Robust Watermarking on Gradient Boosting Decision Trees¶
- Conference: AAAI 2026
- arXiv: 2511.09822
- Code: jc4303/gbdt_watermarking
- Area: AI Security
- Keywords: Watermarking, Gradient Boosting Decision Trees, Intellectual Property Protection, Model Security, In-place Fine-tuning
TL;DR¶
This paper proposes the first robust watermarking framework for GBDT models. It embeds watermarks via in-place fine-tuning and introduces four embedding strategies—Wrong Prediction Flip, Outlier Flip, Cluster Center Flip, and Confidence Flip—achieving high embedding success rates, minimal accuracy degradation, and strong robustness against fine-tuning attacks.
Background & Motivation¶
- Widespread Use of GBDTs: Gradient boosting decision trees achieve superior performance on structured data and are extensively adopted in both industry and academia, including privacy-sensitive and healthcare domains.
- Lack of Watermarking Research: While watermarking techniques for neural networks have been extensively studied, methods for protecting GBDT models remain severely underdeveloped.
- Challenges in GBDT Watermarking:
- Trees are constructed sequentially; each tree depends on gradients from prior predictions, so modifying existing trees can cause cascading damage.
- Tree models are non-differentiable, preventing direct transfer of neural network watermarking approaches.
- Direct tree modification methods designed for random forests are inapplicable to gradient boosting models due to inter-tree dependencies.

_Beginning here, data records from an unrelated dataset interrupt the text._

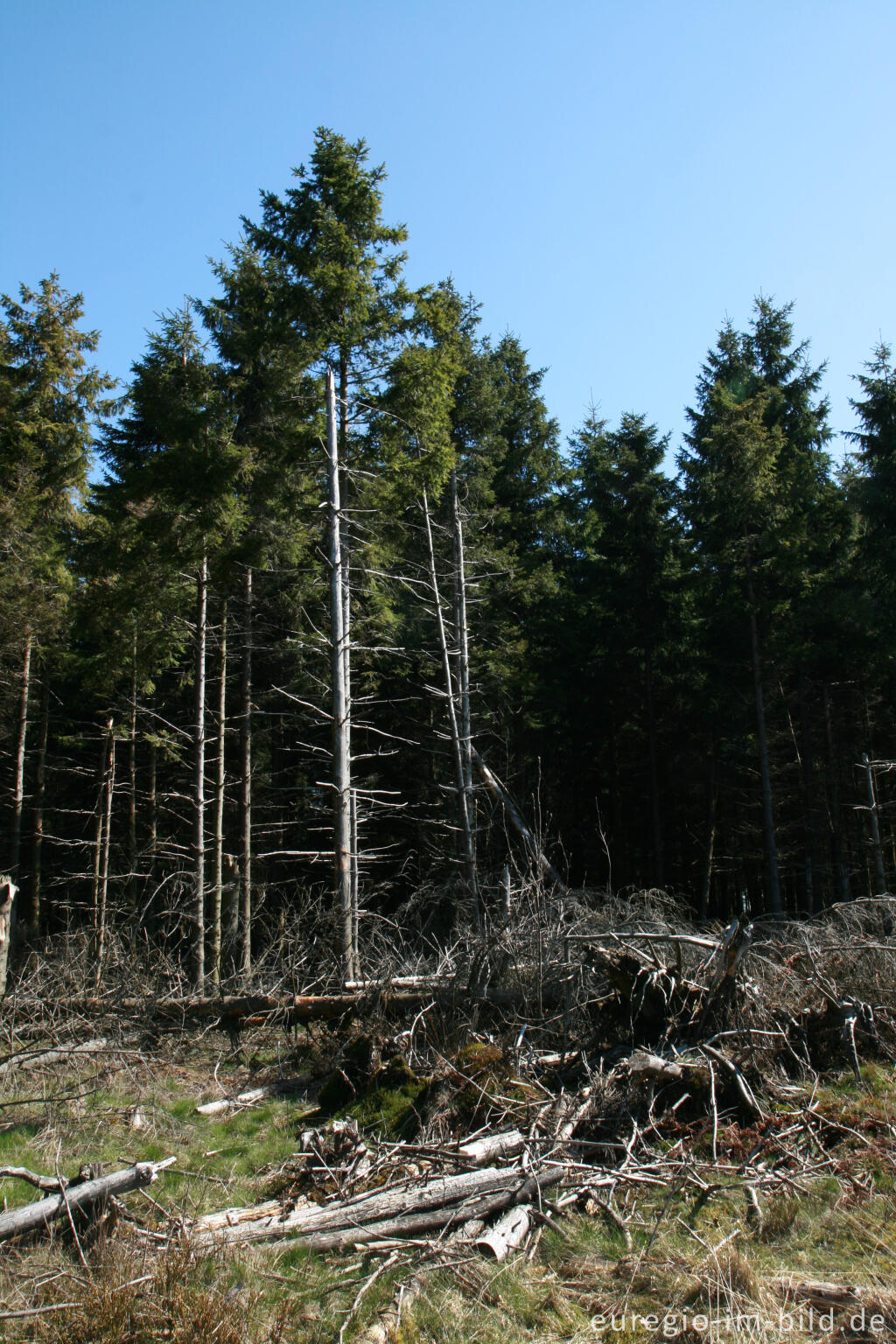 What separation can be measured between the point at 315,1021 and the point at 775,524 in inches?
604

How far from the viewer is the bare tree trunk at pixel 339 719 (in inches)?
410

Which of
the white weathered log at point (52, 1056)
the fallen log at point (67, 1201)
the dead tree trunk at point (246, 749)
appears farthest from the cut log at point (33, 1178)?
the dead tree trunk at point (246, 749)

- Limitations of Prior Work: The watermarking method for boosted trees by Zhao et al. (KDD 2022) focuses solely on fragile integrity verification (weak watermarking) rather than robust embedding.
Method¶
1. In-place Update Mechanism¶
Conventional GBDT fine-tuning appends new trees (e.g., in XGBoost), which can be trivially removed by pruning low-contribution trees. This paper proposes in-place updates that directly modify the internal parameters of existing trees rather than adding new ones, enabling deeper watermark integration.
Core procedure (Algorithm 1): - For each boosting iteration \(m\) and each class \(k\), compute pseudo-residuals to construct the fine-tuning dataset:
- Compute updated gradients \(g_{i,k}'\) and Hessians \(h_{i,k}'\).
- For each non-terminal node in the tree (depth-first traversal), recompute the gain and optimal split \(S'\).
- If the new split \(S' \neq S\), retrain the corresponding subtree; otherwise, only update the affected leaf node predictions.
2. Watermark Embedding Framework¶
Given a candidate dataset \(\mathcal{D}_{\text{cand}}\), a candidate sample set \(\mathcal{C}\) is identified, from which a subset \(\mathcal{W} \subset \mathcal{C}\) of size \(k\) is selected for watermark embedding. Each sample encodes one bit of information: a modified label encodes 1, while the original label encodes 0.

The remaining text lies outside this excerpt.